企業は、PCスキル、語学力、商品知識等の専門スキルなどの「テクニカルスキル」と呼ばれる成果に直結するスキルに着目しがちなのですが、帯同生活で得られるのは柔軟性やチャレンジ精神、課題解決力、そしてグローバルに物事を考えられる視野の広さなどの「コンセプチュアルスキル」です。このスキルも仕事に活かせますよね。
 

I:はい。そうだと思います!コンセプチュアルスキルが上がったことによって、元々のテクニカルスキルの発揮の仕方が大きく変わってくると思うんですよ。スピードも上がるし、広がりも持たせられると思います。一見、テクニカルスキルは伸びているようには見えないかもしれないですけれど、それを発揮するベースが上がっていると感じています。

 

——「ベースが上がる」という感覚、まさに人間として成長されたのですね!
「視座が上がる」とも言いますが、帯同生活を経て、物事を見る姿勢や捉え方のレベルが高くなったのでしょうね。

 

ちょっと専門的な話になるのですが、成人発達理論では、人間の成長には横軸に伸びる「水平的発達」と、縦軸に伸びる「垂直的発達」の2軸があると定義しています。(図1)

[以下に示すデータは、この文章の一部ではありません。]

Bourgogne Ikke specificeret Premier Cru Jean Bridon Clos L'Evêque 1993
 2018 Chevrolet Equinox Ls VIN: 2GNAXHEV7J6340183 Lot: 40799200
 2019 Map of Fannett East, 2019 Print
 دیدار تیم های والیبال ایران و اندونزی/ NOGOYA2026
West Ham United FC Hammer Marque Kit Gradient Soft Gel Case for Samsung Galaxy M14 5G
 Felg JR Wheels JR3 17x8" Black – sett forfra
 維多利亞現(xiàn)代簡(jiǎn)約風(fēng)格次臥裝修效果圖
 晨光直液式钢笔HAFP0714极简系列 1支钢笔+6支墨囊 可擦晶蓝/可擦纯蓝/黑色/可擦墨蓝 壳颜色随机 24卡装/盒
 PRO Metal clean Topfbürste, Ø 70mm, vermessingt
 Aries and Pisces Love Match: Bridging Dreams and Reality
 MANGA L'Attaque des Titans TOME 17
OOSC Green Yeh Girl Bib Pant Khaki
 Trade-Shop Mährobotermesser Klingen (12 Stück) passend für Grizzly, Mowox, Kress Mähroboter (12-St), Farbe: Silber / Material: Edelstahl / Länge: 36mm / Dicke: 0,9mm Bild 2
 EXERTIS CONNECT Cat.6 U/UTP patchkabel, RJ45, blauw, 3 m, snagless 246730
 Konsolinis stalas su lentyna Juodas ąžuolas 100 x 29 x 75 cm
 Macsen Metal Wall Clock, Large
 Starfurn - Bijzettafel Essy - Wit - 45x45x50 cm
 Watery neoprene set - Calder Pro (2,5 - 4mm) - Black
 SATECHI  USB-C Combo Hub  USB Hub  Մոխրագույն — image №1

「水平的発達」は業務知識などテクニカルスキルが伸びていくことで、「垂直的発達」はものの見方や考え方の枠組みが変わる、というイメージです。
そしてこの縦軸の「垂直的発達」は葛藤があったときに伸びると言われています。

駐在帯同のようなこれまでにない環境では、葛藤の中で物事の見方や考え方を柔軟に変化させながらみなさん過ごしていると思います。その経験が人としての成長を促しているのです。しかも視座が上がる、つまり、人間力やコンセプチュアルスキルが伸びて垂直方向に成長していくと、もともと持っている横軸のテクニカルと併せて面が広がっていくのです。これがIさんが感じた「ベースが上がってもともとのスキルの発揮の仕方が大きく変わる」ということです。

成長をとらえる2つの着眼点

 

(「成人発達理論で解き明かす若手の挑戦と成長」高城明子氏執筆、パーソル総合研究所2019年)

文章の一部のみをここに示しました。